WHAT YOU HAVE TO DO: For this exercise, return only the lines in the records below from the one holding "Tramvay ile çarpışan otomobil havada kaldı" through the one holding "Property photo 1 of 18", including both, exactly as they appear and without pictures.

Excerpts from a dataset
----------

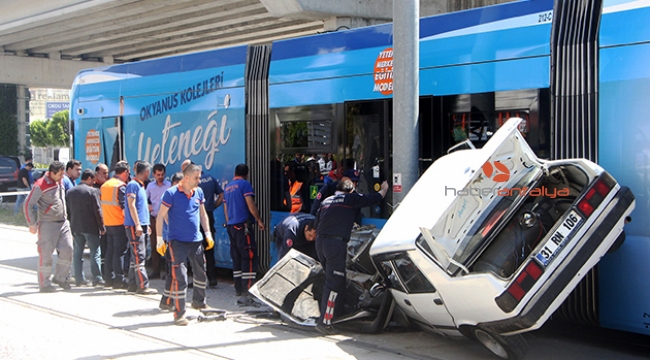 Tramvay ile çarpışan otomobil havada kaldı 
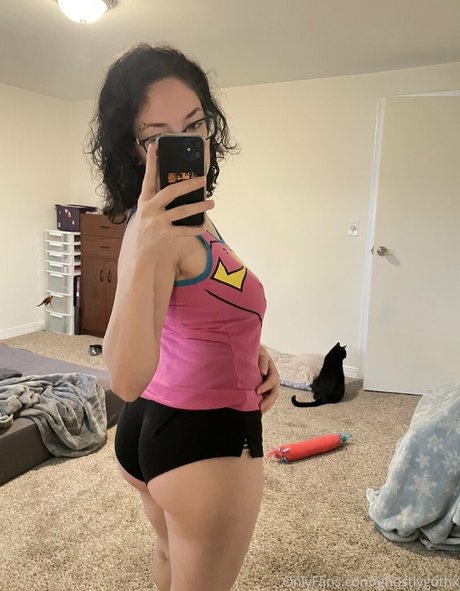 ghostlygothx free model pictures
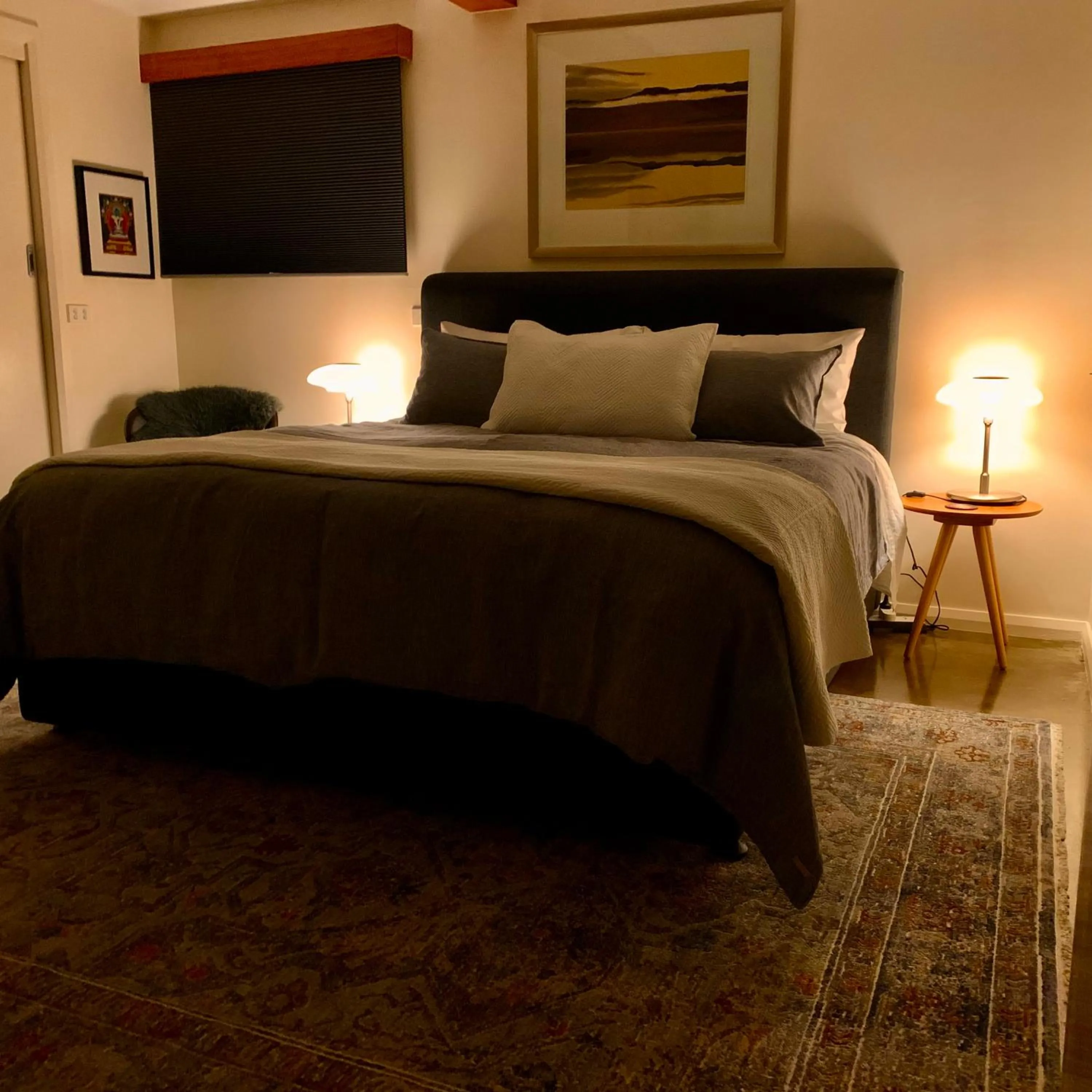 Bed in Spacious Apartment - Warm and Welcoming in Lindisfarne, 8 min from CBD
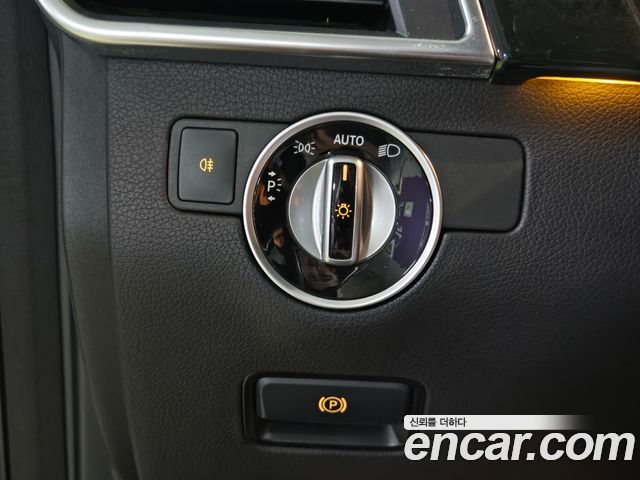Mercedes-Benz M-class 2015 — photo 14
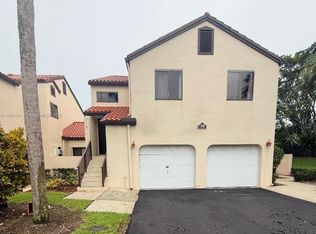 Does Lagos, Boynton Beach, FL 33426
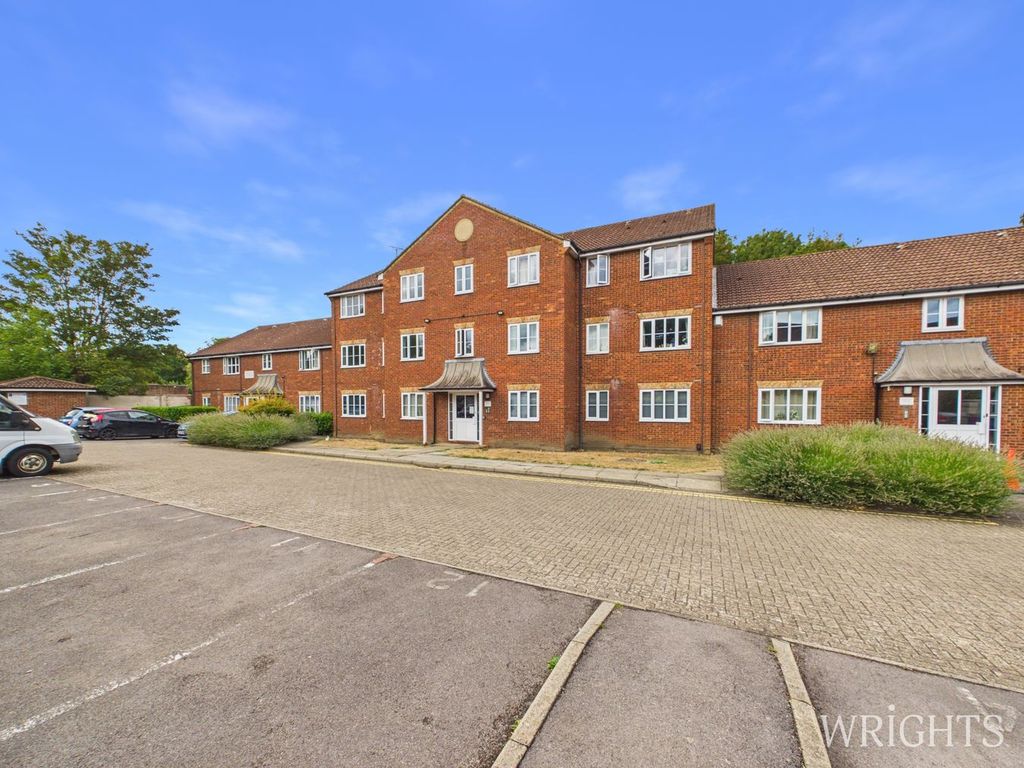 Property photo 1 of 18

----------

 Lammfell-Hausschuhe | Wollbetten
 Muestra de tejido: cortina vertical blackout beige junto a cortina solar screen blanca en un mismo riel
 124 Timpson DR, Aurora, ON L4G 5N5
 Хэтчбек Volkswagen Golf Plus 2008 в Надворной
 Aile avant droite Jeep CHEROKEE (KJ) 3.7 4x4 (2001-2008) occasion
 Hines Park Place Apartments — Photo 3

----------

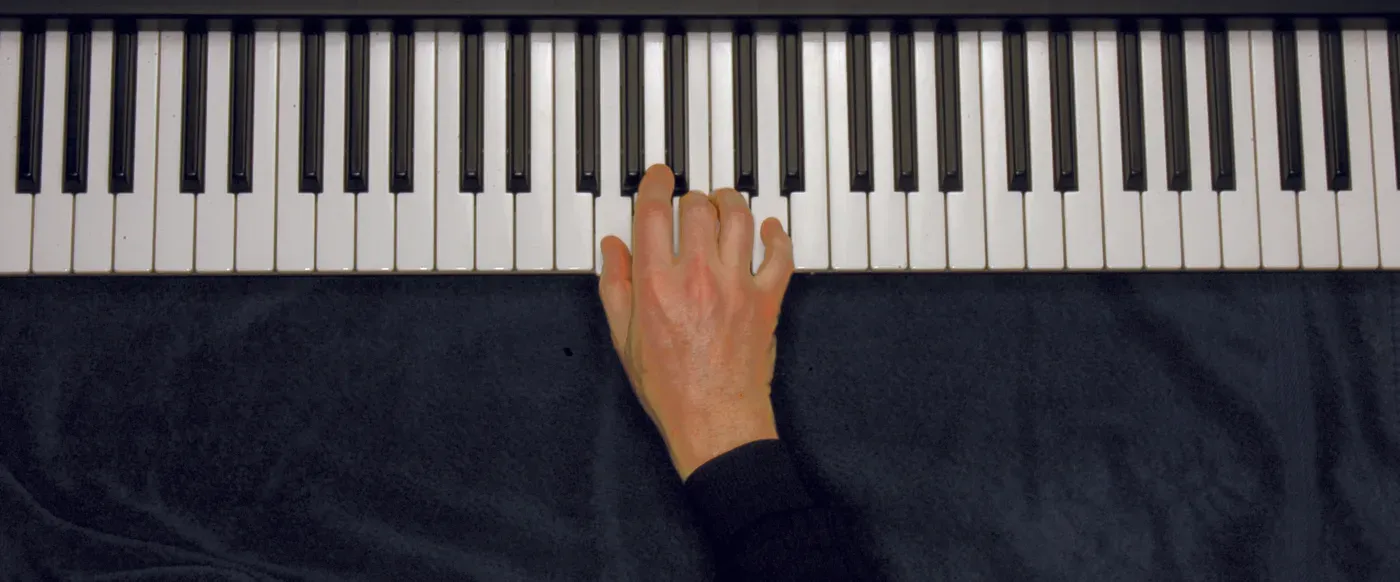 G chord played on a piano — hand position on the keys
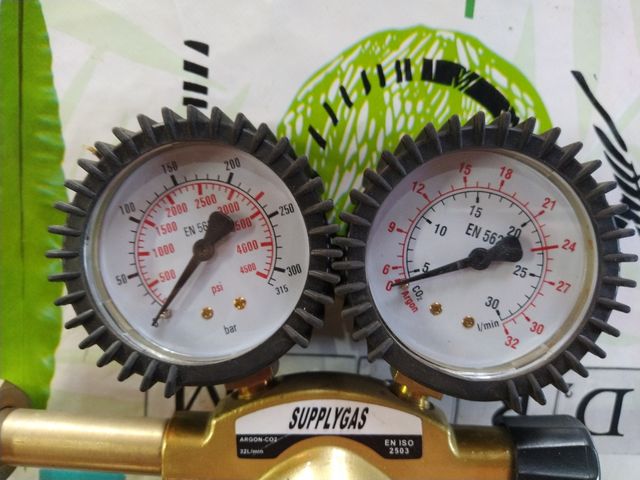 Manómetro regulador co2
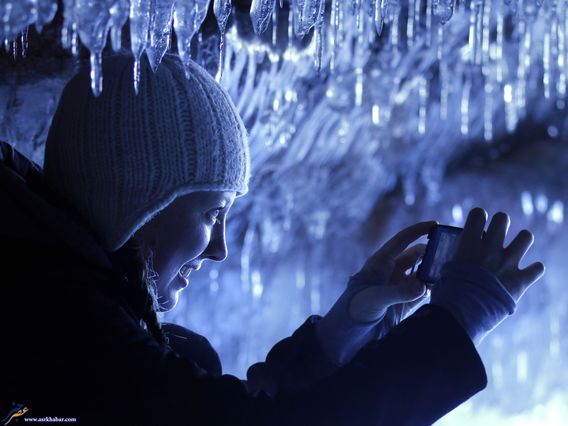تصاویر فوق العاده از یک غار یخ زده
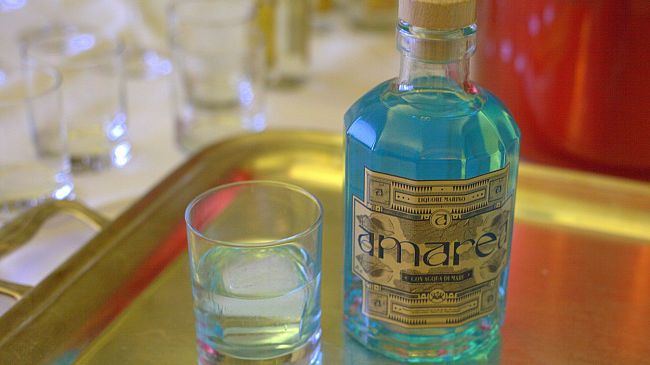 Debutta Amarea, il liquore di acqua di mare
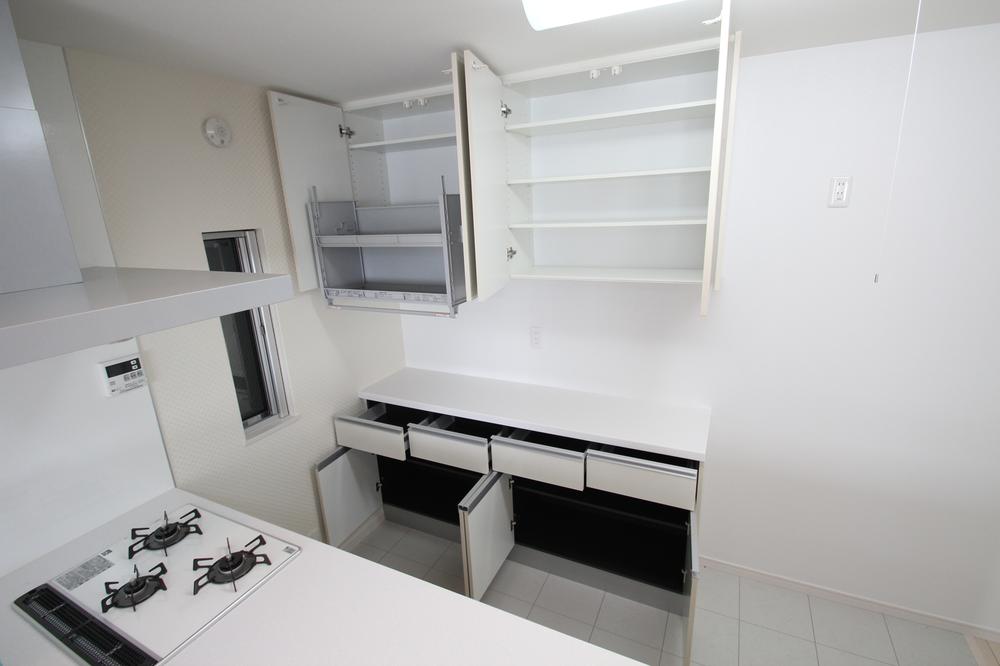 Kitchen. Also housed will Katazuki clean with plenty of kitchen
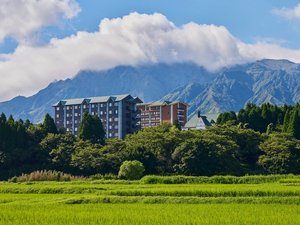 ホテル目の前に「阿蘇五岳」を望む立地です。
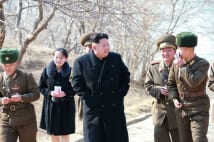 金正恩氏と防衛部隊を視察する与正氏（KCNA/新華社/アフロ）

----------

REPLY:
 Tramvay ile çarpışan otomobil havada kaldı 
 ghostlygothx free model pictures
 Bed in Spacious Apartment - Warm and Welcoming in Lindisfarne, 8 min from CBD
Mercedes-Benz M-class 2015 — photo 14
 Does Lagos, Boynton Beach, FL 33426
 Property photo 1 of 18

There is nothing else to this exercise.